[Brief descriptive captions]
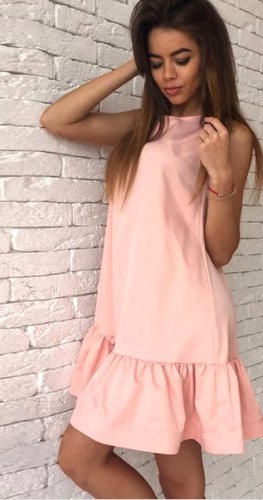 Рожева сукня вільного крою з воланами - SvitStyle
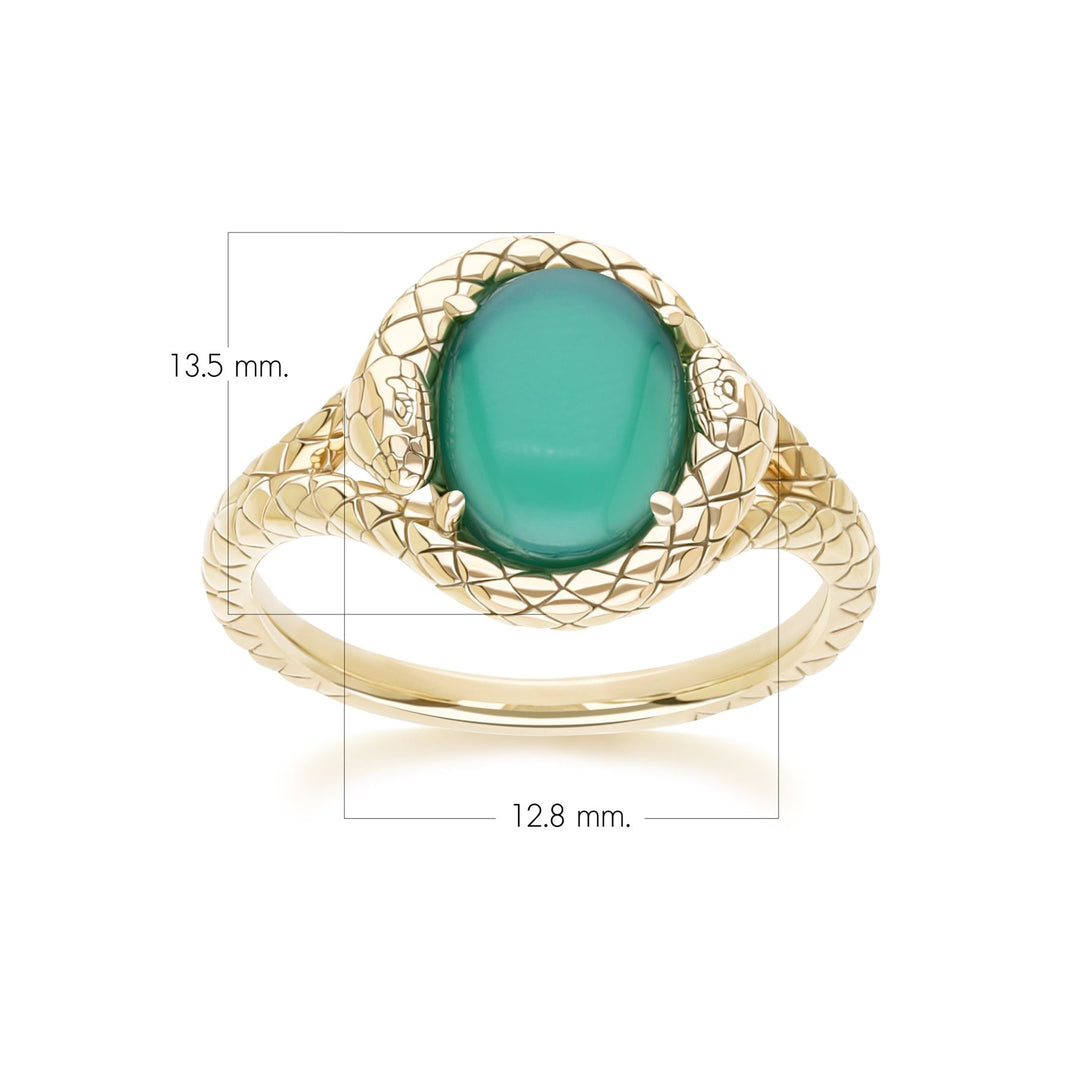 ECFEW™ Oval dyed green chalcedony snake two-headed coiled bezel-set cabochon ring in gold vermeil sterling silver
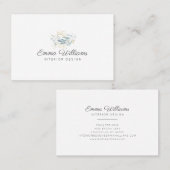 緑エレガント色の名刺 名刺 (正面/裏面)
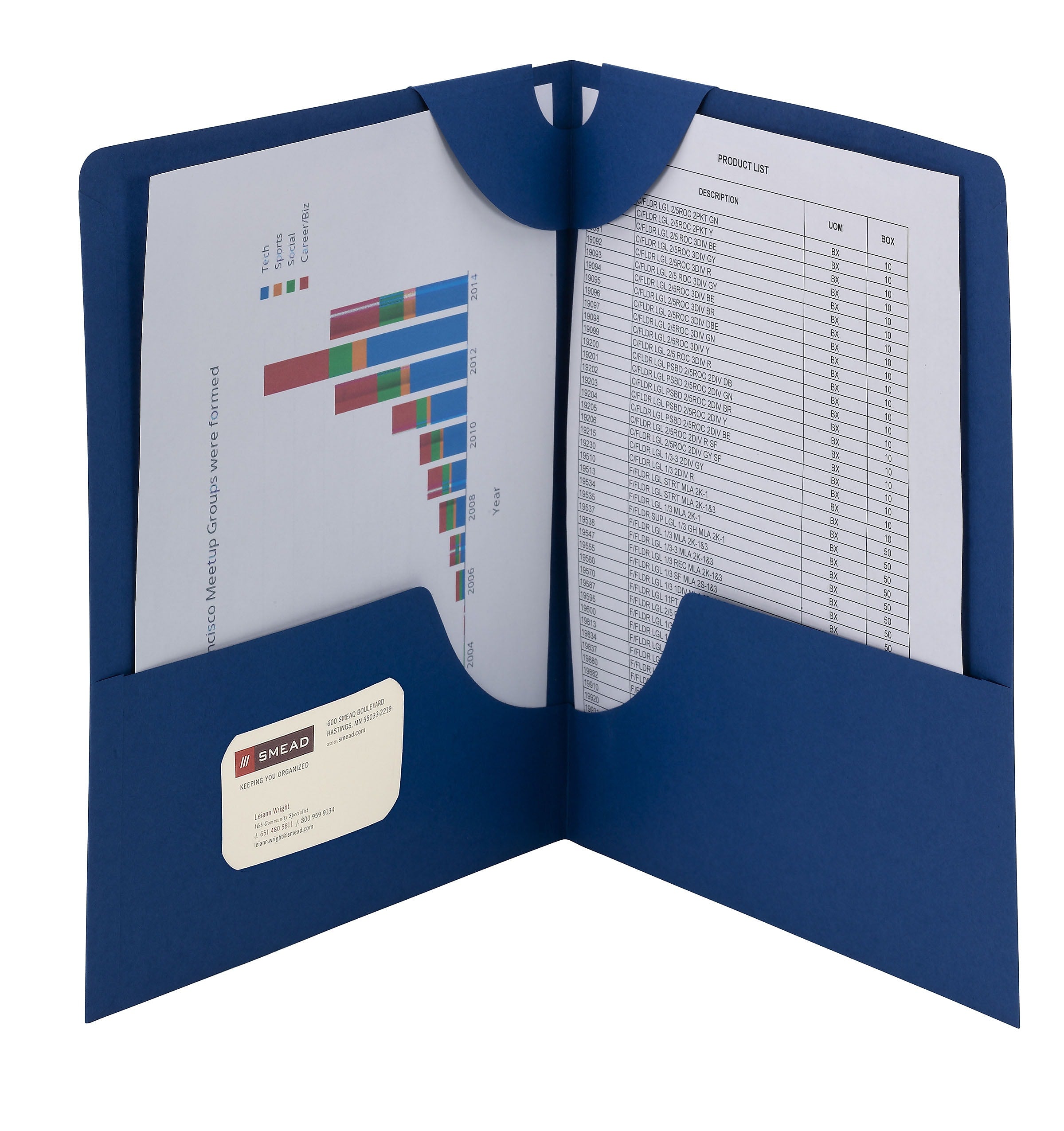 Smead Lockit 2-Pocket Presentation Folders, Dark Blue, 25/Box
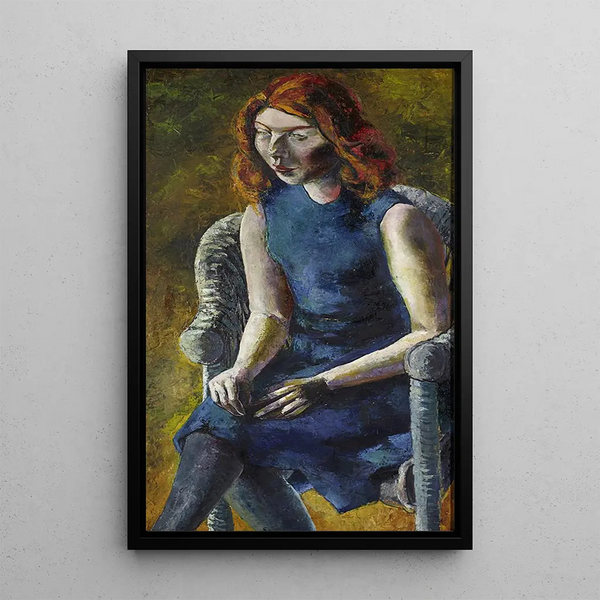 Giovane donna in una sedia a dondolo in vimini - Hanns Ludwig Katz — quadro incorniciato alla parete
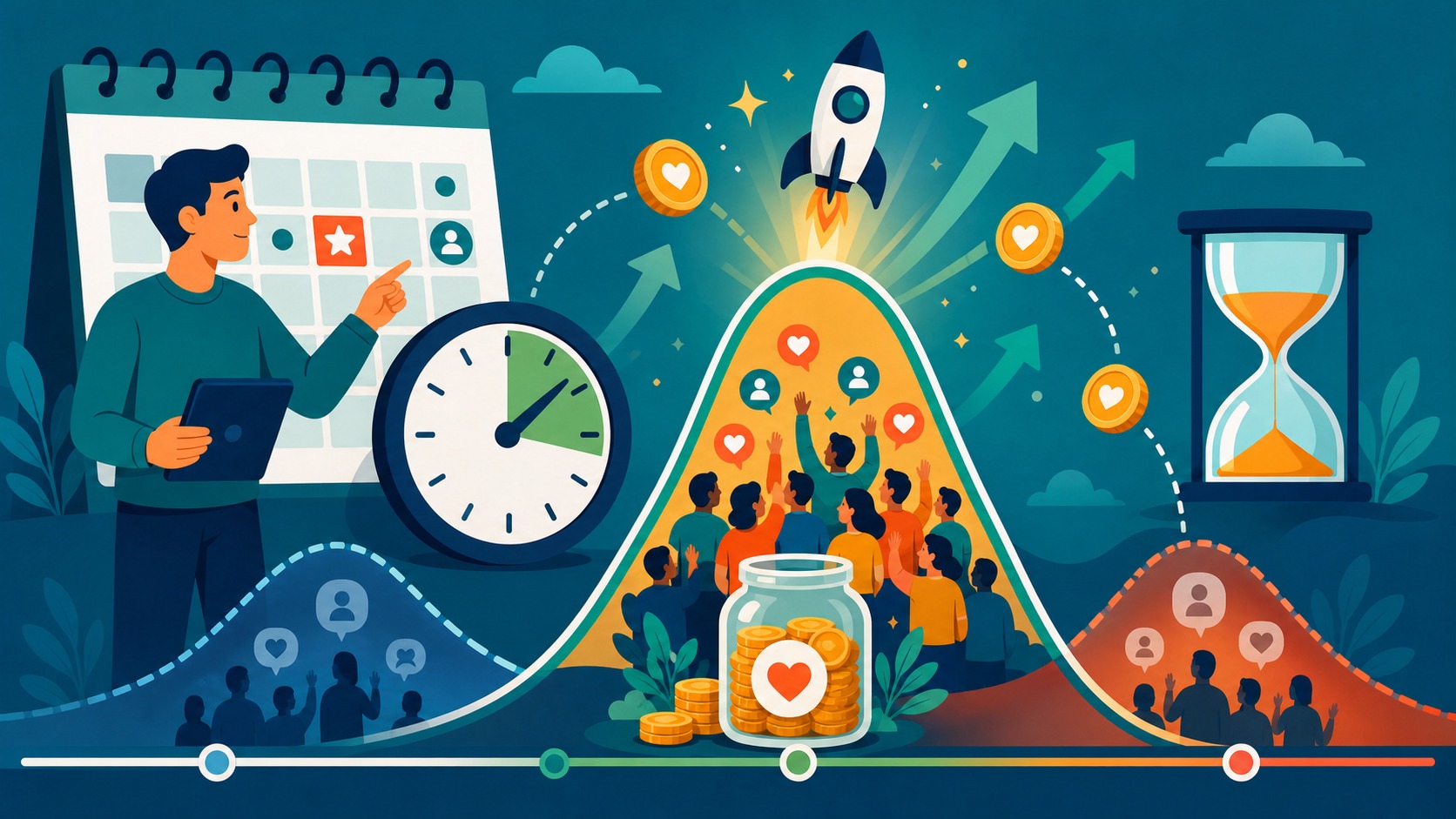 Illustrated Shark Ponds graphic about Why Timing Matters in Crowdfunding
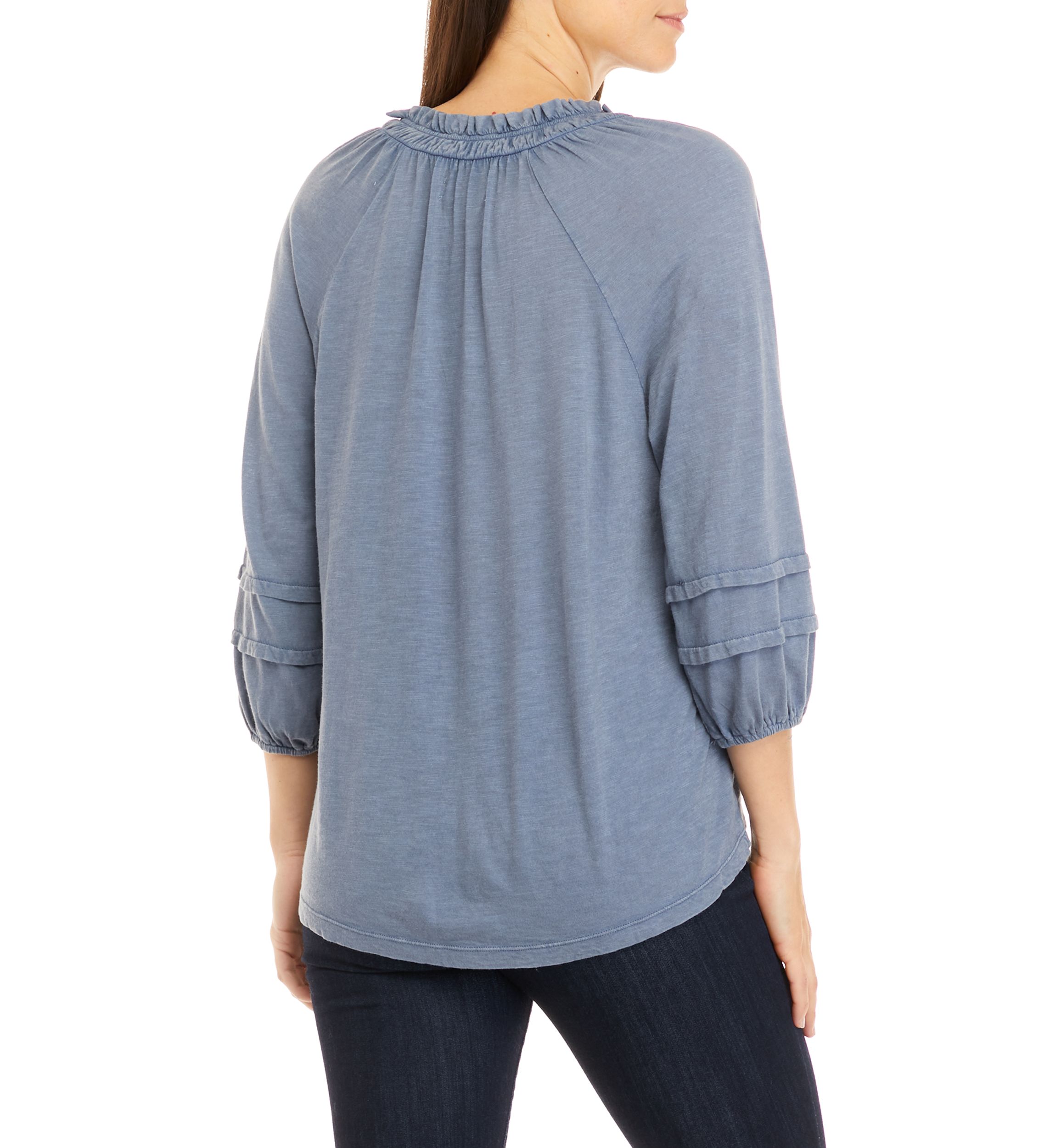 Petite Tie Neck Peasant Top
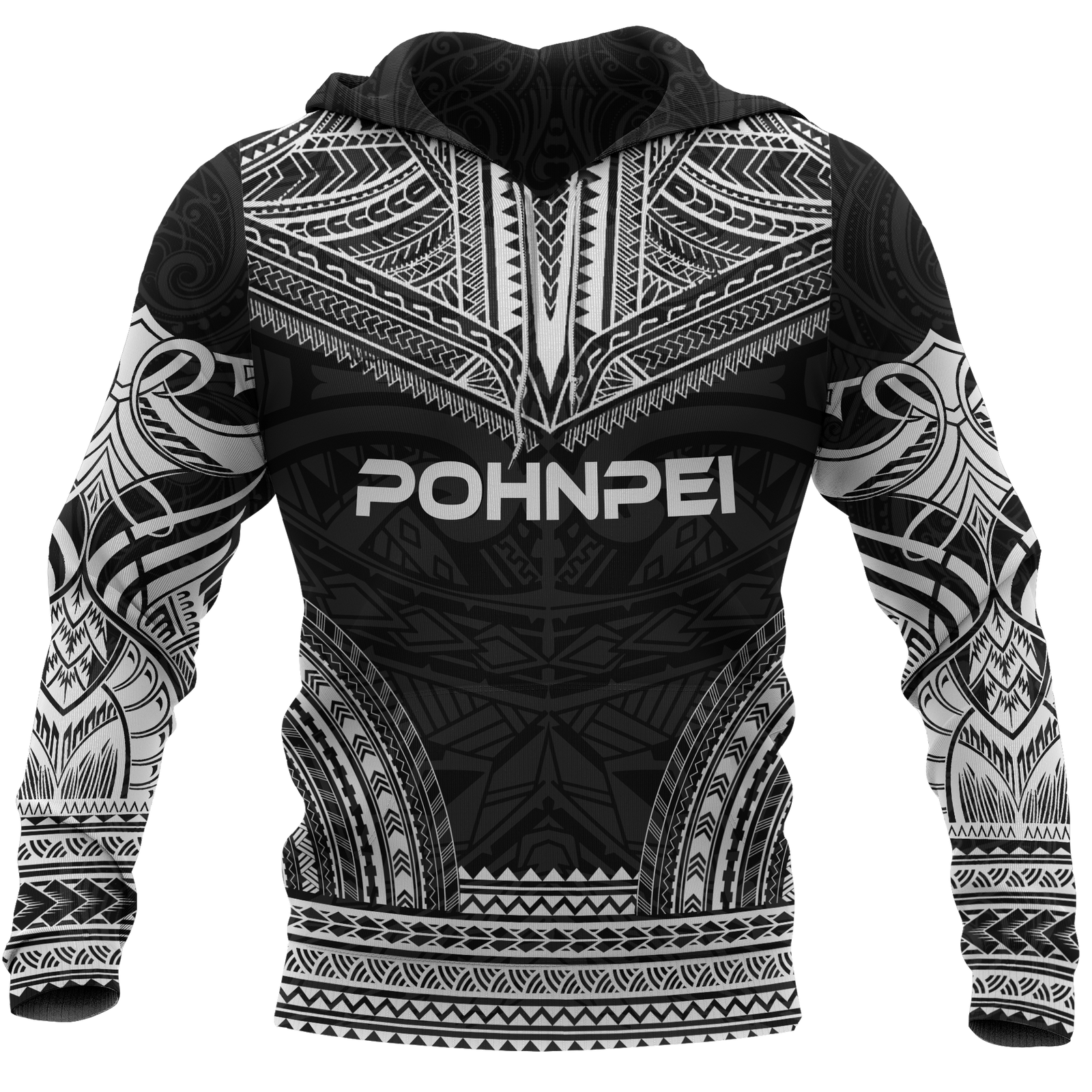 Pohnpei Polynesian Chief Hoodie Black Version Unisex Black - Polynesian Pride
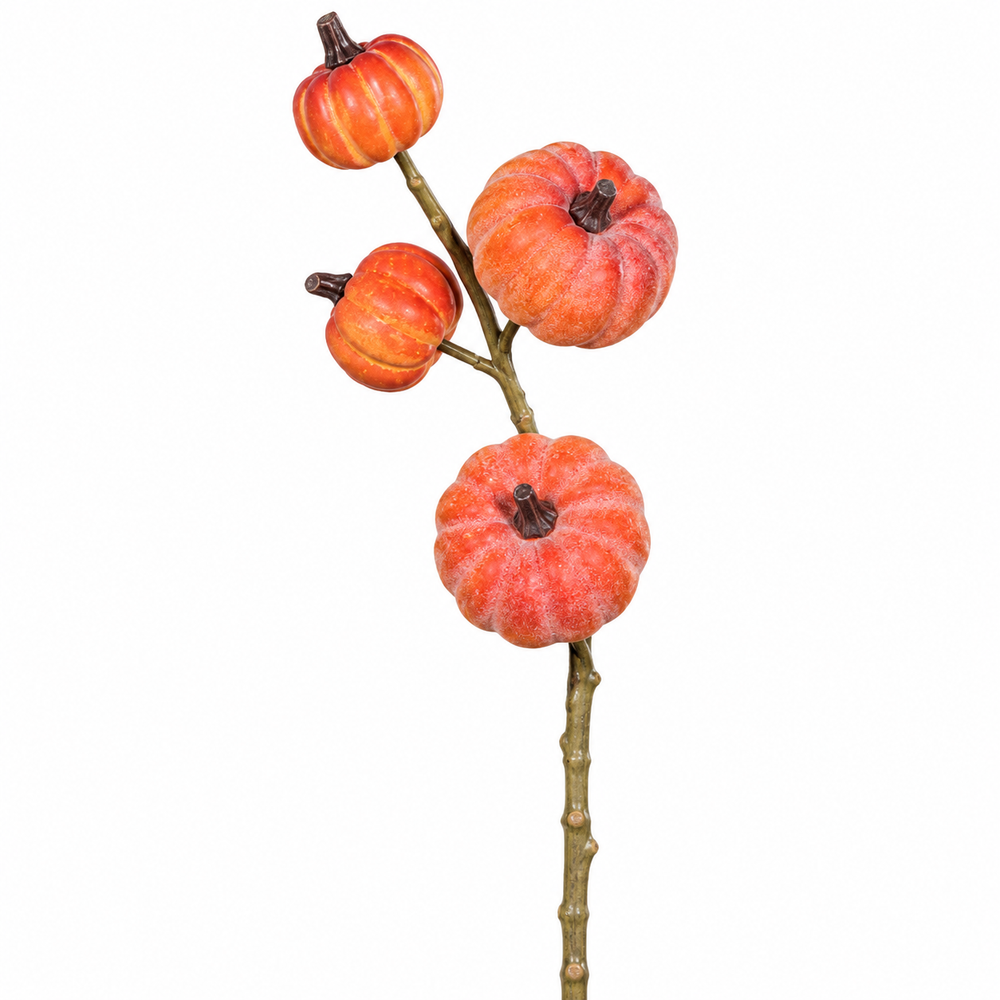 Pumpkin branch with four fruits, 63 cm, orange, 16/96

## [PROBLEM]
The lines to repeat start at the one holding "ECFEW™ Oval dyed" and run through the last line of the records above; write them out exactly, both ends included, but not the pictures.

## [ANSWER SPACE]
 ECFEW™ Oval dyed green chalcedony snake two-headed coiled bezel-set cabochon ring in gold vermeil sterling silver
 緑エレガント色の名刺 名刺 (正面/裏面)
 Smead Lockit 2-Pocket Presentation Folders, Dark Blue, 25/Box
 Giovane donna in una sedia a dondolo in vimini - Hanns Ludwig Katz — quadro incorniciato alla parete
 Illustrated Shark Ponds graphic about Why Timing Matters in Crowdfunding
 Petite Tie Neck Peasant Top
 Pohnpei Polynesian Chief Hoodie Black Version Unisex Black - Polynesian Pride
 Pumpkin branch with four fruits, 63 cm, orange, 16/96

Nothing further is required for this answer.